À medida que a ansiedade global se instala, um número crescente de pessoas se prepara para o pior cenário possível

No início deste ano, os ponteiros do Relógio do Juízo Final foram alterados para dois minutos para a meia-noite, quando cientistas atômicos anunciaram que o mundo está mais próximo da aniquilação do que há décadas. Não é de se admirar, então, que o fenômeno mundial de preparar, totalmente camuflado, armado, acumulando alimentos enlatados, esteja se espalhando à medida que a ansiedade global a respeito de tudo sobre a guerra termonuclear toma conta e o clima muda.

Quando pensamos nos piores cenários que poderiam ocorrer no planeta, a maioria de nós se insere em algum ponto da escala, da ignorância intencional, da precaução sensível à paranoia. No entanto, para alguns, o “zeitgeist” está tendendo para um futuro sombrio.

E enquanto os australianos diferem do libertarianismo temente a Deus que mantém o dedo no gatilho nos EUA, nós temos nossos próprios “preppers” que estão prontos para evadir, camuflados e prontos para enfrentar o impensável.

“Eu tenho treinado para ser capaz
de lidar com quase qualquer coisa”
Jim Greer

Vejamos Jim Greer, um trabalhador de TI de Rockingham, na Austrália Ocidental, que espera que o mundo desmorone em breve. Ele não tem certeza exatamente quando, mas ele tem um caminhão de oito toneladas pronto para ir a qualquer momento.

“Se algo acontecer, acho que haverá muitas pessoas à pé com os queixos no chão”, diz ele.

Quando criança, Greer aprendeu os nós “volta do fiel” e “direito” com os escoteiros; como um adulto ele serviu na marinha. O lema “Esteja Preparado” está em seu sangue e ele vem acumulando habilidades de sobrevivência por muitos anos.

Para entender melhor como viver da terra, ele passou um tempo com os aborígines que vivem tradicionalmente. O povo Anangu Luritja, da região central da Austrália, ensinou-o a fazer armas e caçar, e Greer agora pode fazer uma lança tradicional de estilo indígena.

E, em suas viagens, Greer encontrou o santo graal dos preparadores: um local de “bug out” que pode sustentá-lo quando TSHTF – jargão “prepper” para quando a merda bate no ventilador – completo com um riacho de 10.000 anos de idade.

“Mesmo se houvesse radiação nuclear, a nascente é subterrânea e ainda estaria segura”, diz ele. “Há também uma abundância de vida selvagem que fica ao redor e pode fornecer comida”.

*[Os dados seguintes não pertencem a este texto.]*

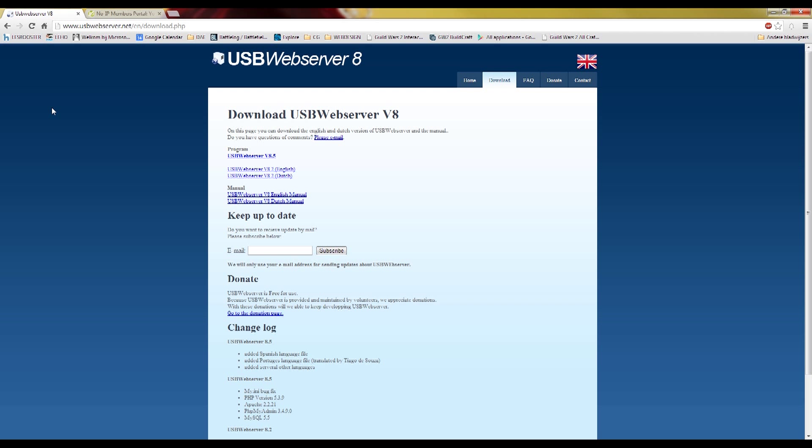Hi and welcome to this tutorial on how to set up a simple web server at your PC at home. So first thing we need to do is download some server software.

“Eu poderia efetivamente sair para o mato e ficar bem. Eu posso construir uma casa a partir do zero. Eu posso fazer meus próprios mecanismos. Eu posso cozinhar e limpar. Eu treinei para ser capaz de lidar com quase qualquer coisa.

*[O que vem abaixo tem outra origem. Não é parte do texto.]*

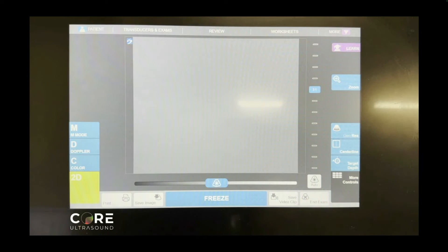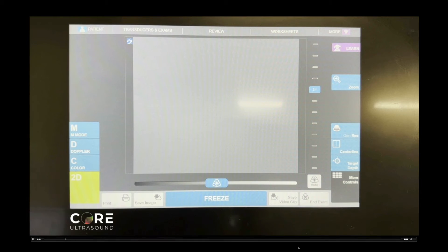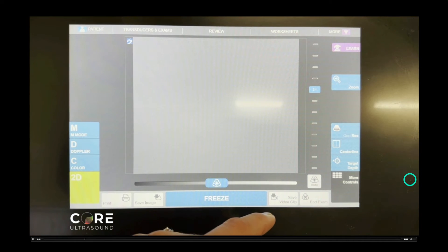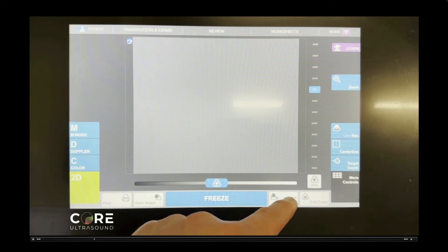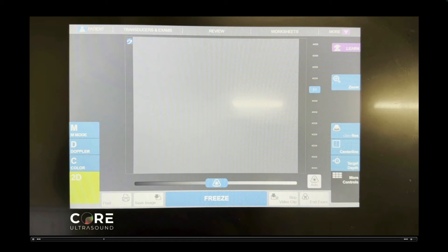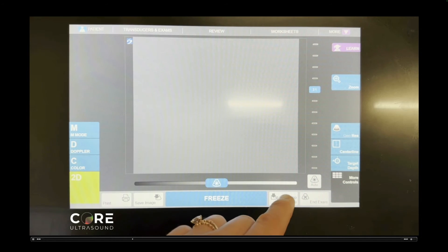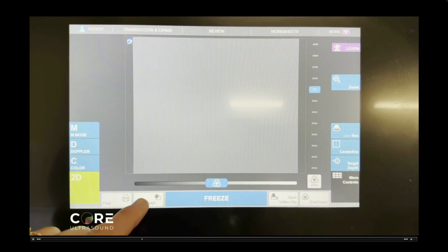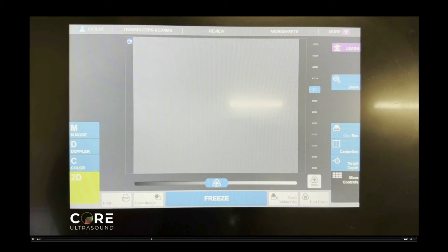Now to record images, you'll go ahead and hit that save video clip right here, or you'll hit the save image if you wanted to take some kind of a calculation there on the left side.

Greer tem uma certeza palpável de que alguma merda vai atingir o ventilador e ele acredita que sua preparação é uma reação do senso comum a isso. Ele acredita que as ameaças podem vir de inteligência artificial, colapso econômico, uma bomba atômica ou até mesmo um EMP (pulso eletromagnético) – e o caos resultante o levará à estrada para sair da cidade.

“O caminhão tem combustível suficiente para que eu possa chegar a 1.200 km de distância”, diz ele. “Eu tenho um punhado de amigos que também estão se preparando há um tempo e sabem exatamente para onde estou indo.”

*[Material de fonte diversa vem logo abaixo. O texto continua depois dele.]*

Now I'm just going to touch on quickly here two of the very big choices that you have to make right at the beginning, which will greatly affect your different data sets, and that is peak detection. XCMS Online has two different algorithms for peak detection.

Greer vê complacência em pessoas cujas preocupações não se estendem mais do que um supermercado fechando por alguns dias. “Imagine o quão rápido as coisas ficariam na merda, com dois milhões e meio de pessoas não sendo capazes de conseguir o que precisam. Não há pessoas suficientes preparadas, mas há certamente mais preparadores do que há cinco anos. ”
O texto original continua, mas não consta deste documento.